▶ **DATASET ENTRIES**:
###

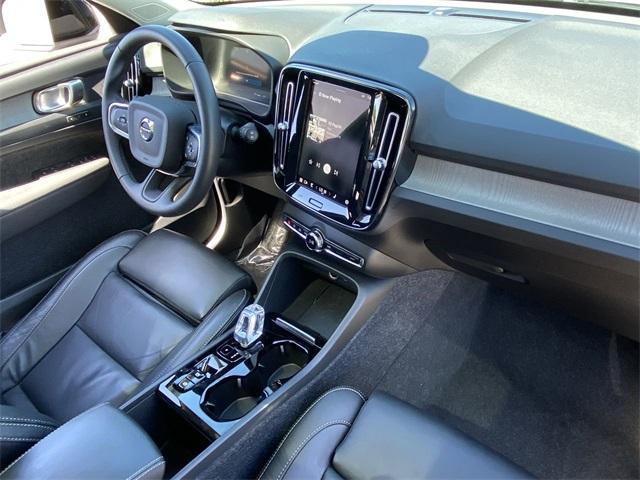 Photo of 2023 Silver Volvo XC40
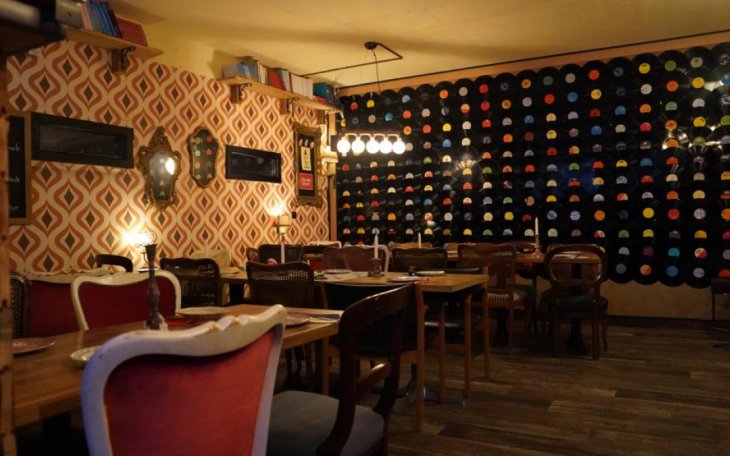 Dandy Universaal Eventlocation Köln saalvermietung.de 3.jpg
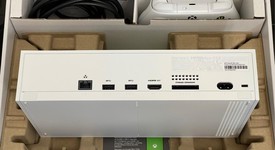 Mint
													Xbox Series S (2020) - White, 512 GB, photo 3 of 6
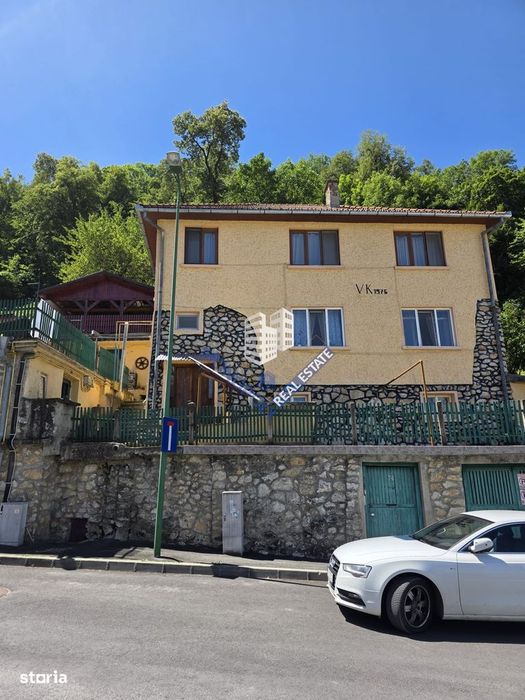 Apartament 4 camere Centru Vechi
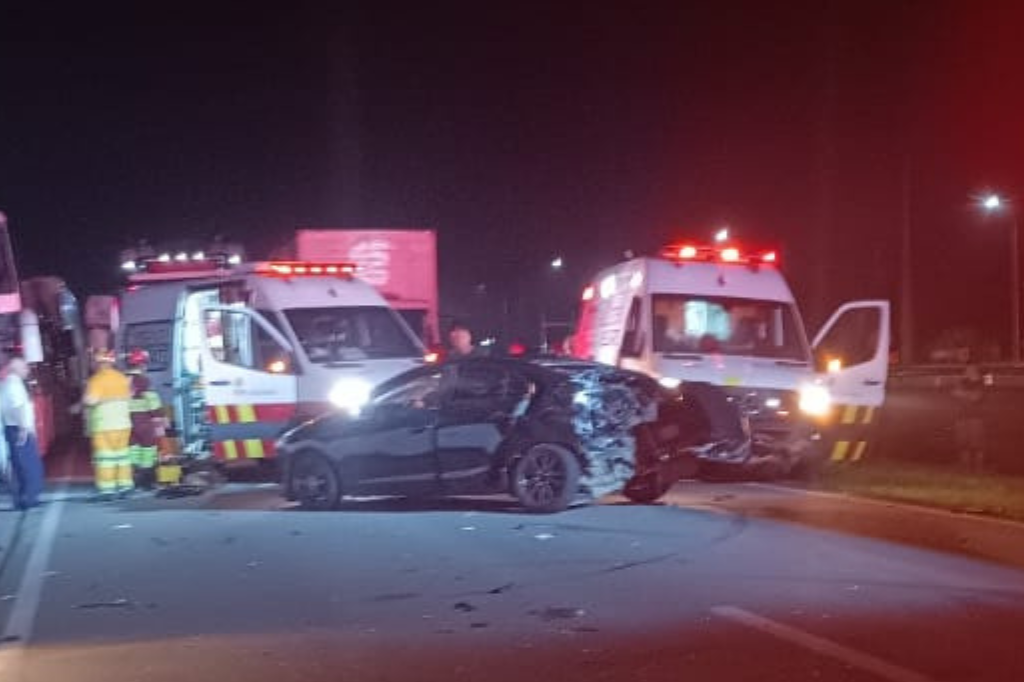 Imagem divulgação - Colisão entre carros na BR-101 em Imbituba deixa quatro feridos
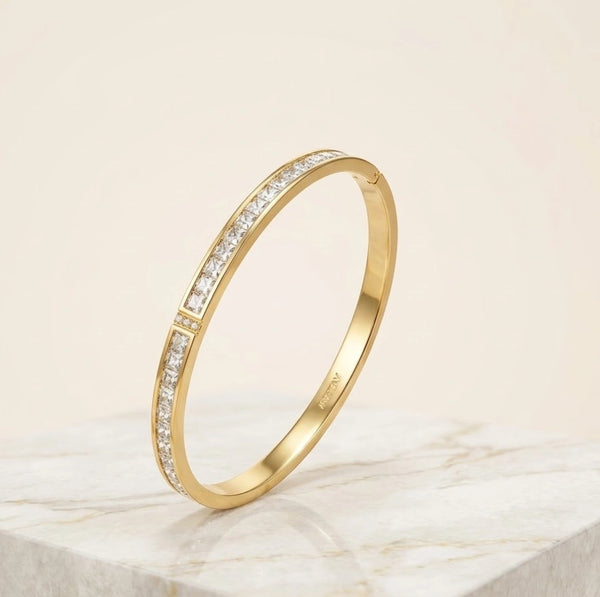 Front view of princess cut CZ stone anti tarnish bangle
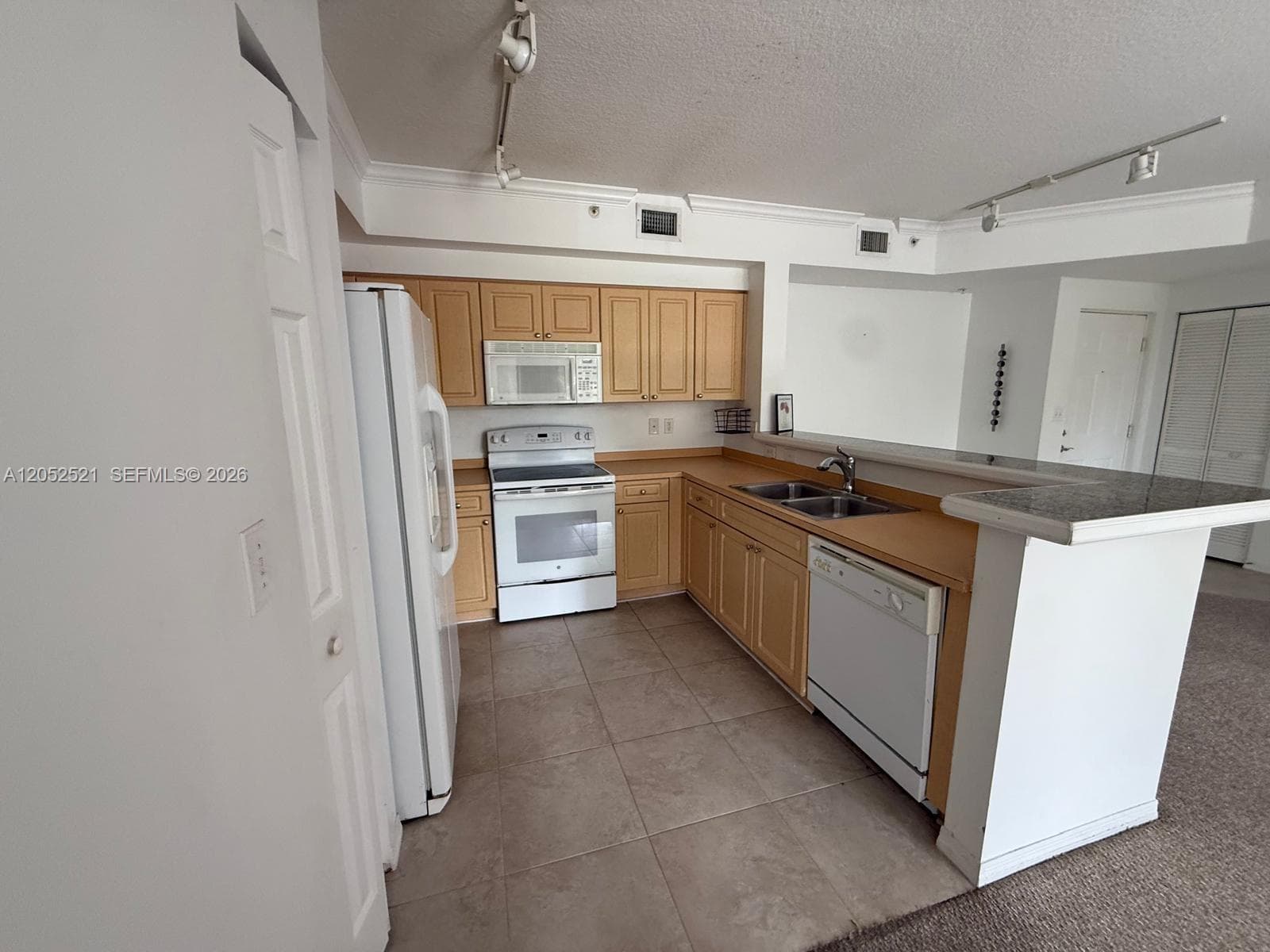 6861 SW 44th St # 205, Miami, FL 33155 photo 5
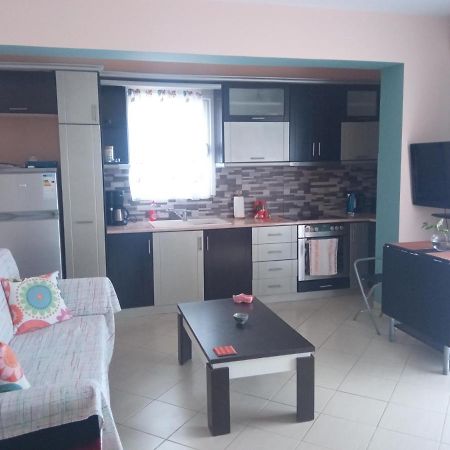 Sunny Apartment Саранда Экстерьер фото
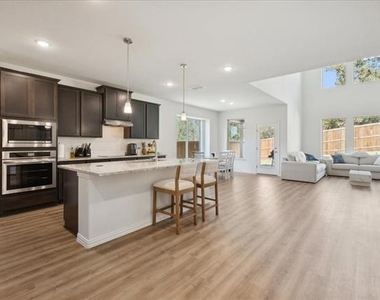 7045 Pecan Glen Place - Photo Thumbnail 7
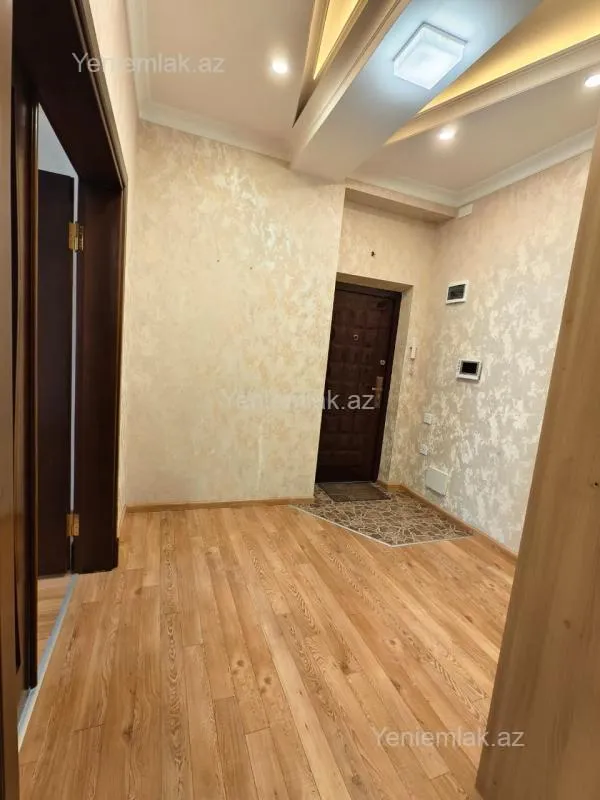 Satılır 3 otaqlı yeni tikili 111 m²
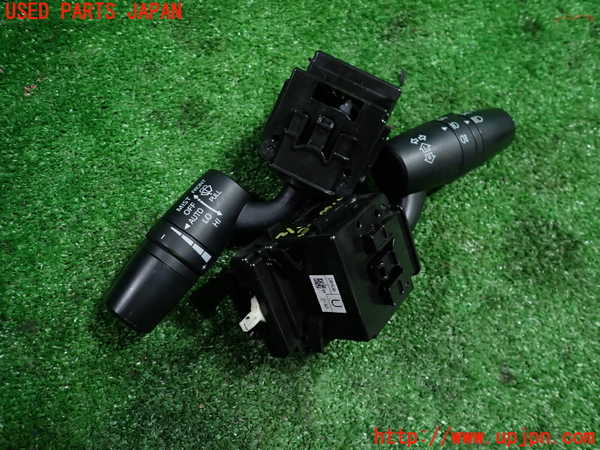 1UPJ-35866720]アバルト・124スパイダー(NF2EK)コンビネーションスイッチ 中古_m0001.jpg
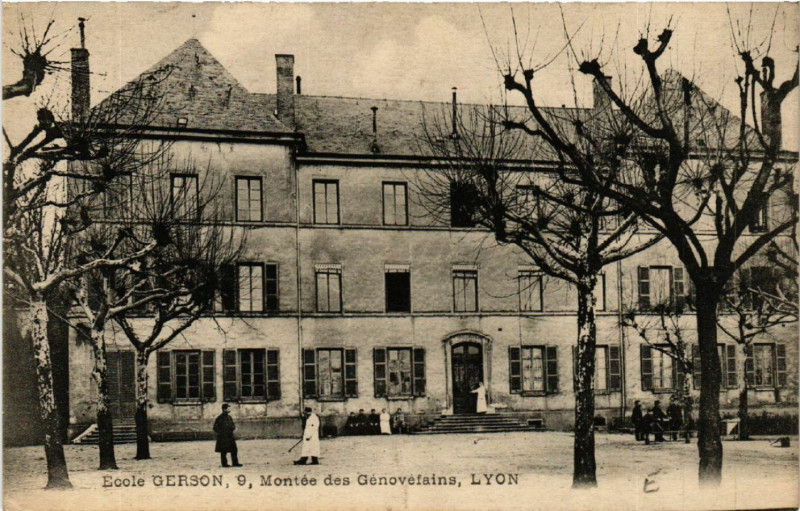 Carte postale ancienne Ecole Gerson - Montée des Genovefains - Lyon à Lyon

###

▶ **WHAT THE TASK REQUIRES**: Give back all the records as they stand, but with no pictures in the copy.

▶ **ANSWER BOX**:
 Photo of 2023 Silver Volvo XC40
 Dandy Universaal Eventlocation Köln saalvermietung.de 3.jpg
 Mint
													Xbox Series S (2020) - White, 512 GB, photo 3 of 6
 Apartament 4 camere Centru Vechi
 Imagem divulgação - Colisão entre carros na BR-101 em Imbituba deixa quatro feridos
 Front view of princess cut CZ stone anti tarnish bangle
 6861 SW 44th St # 205, Miami, FL 33155 photo 5
 Sunny Apartment Саранда Экстерьер фото
 7045 Pecan Glen Place - Photo Thumbnail 7
 Satılır 3 otaqlı yeni tikili 111 m²
 1UPJ-35866720]アバルト・124スパイダー(NF2EK)コンビネーションスイッチ 中古_m0001.jpg
 Carte postale ancienne Ecole Gerson - Montée des Genovefains - Lyon à Lyon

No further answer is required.